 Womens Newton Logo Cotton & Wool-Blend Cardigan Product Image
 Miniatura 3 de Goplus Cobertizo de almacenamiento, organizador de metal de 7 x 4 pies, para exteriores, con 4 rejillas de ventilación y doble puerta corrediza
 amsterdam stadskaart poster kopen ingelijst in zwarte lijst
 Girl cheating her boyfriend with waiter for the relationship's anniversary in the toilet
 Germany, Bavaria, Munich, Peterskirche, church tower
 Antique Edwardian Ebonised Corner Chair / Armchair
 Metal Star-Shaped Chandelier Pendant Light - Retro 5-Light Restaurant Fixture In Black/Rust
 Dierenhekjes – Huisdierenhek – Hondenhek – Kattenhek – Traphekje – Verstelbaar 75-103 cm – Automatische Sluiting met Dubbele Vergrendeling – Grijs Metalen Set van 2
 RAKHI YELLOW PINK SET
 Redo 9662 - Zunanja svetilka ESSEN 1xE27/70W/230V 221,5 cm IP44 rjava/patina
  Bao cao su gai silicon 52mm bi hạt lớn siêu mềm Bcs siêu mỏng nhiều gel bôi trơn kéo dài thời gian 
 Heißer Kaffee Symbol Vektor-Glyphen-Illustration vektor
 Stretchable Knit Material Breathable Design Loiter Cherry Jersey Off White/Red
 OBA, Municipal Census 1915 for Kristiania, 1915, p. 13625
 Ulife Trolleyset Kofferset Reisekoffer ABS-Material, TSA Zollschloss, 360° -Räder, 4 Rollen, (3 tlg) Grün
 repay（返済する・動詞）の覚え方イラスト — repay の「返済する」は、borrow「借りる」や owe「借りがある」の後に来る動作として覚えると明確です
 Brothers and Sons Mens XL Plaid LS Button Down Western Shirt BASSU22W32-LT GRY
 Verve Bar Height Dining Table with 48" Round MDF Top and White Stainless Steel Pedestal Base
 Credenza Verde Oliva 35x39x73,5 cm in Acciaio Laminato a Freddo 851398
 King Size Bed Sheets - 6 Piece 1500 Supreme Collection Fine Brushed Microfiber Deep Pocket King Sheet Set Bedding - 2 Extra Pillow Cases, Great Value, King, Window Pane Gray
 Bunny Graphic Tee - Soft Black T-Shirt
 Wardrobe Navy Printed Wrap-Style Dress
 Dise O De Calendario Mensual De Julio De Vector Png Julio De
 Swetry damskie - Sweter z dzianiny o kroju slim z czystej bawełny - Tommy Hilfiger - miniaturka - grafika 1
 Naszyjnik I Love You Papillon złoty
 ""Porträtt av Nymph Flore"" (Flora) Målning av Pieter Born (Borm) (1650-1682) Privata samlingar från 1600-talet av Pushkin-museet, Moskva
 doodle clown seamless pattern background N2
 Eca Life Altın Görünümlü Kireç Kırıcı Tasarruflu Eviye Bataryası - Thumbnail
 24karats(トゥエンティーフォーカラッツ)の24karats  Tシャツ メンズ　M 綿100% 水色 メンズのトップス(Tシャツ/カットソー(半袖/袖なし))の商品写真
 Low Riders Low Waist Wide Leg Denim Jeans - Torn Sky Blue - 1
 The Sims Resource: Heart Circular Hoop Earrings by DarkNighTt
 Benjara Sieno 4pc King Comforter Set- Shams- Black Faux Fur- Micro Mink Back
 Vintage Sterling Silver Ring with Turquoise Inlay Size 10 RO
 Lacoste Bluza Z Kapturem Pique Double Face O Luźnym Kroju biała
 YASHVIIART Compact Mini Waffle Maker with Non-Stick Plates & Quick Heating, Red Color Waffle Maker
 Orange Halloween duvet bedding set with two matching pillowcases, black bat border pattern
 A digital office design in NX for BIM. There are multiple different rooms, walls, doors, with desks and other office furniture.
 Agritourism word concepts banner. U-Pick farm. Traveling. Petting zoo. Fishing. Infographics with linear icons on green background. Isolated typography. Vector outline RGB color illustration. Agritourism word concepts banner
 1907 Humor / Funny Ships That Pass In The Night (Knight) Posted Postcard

◆ ◆ ◆

(Work to complete)
Verbatim output is expected for the lines from the start of the data to the line in which "Heißer Kaffee Symbol" appears, both included.

(Response to the task)
 Womens Newton Logo Cotton & Wool-Blend Cardigan Product Image
 Miniatura 3 de Goplus Cobertizo de almacenamiento, organizador de metal de 7 x 4 pies, para exteriores, con 4 rejillas de ventilación y doble puerta corrediza
 amsterdam stadskaart poster kopen ingelijst in zwarte lijst
 Girl cheating her boyfriend with waiter for the relationship's anniversary in the toilet
 Germany, Bavaria, Munich, Peterskirche, church tower
 Antique Edwardian Ebonised Corner Chair / Armchair
 Metal Star-Shaped Chandelier Pendant Light - Retro 5-Light Restaurant Fixture In Black/Rust
 Dierenhekjes – Huisdierenhek – Hondenhek – Kattenhek – Traphekje – Verstelbaar 75-103 cm – Automatische Sluiting met Dubbele Vergrendeling – Grijs Metalen Set van 2
 RAKHI YELLOW PINK SET
 Redo 9662 - Zunanja svetilka ESSEN 1xE27/70W/230V 221,5 cm IP44 rjava/patina
  Bao cao su gai silicon 52mm bi hạt lớn siêu mềm Bcs siêu mỏng nhiều gel bôi trơn kéo dài thời gian 
 Heißer Kaffee Symbol Vektor-Glyphen-Illustration vektor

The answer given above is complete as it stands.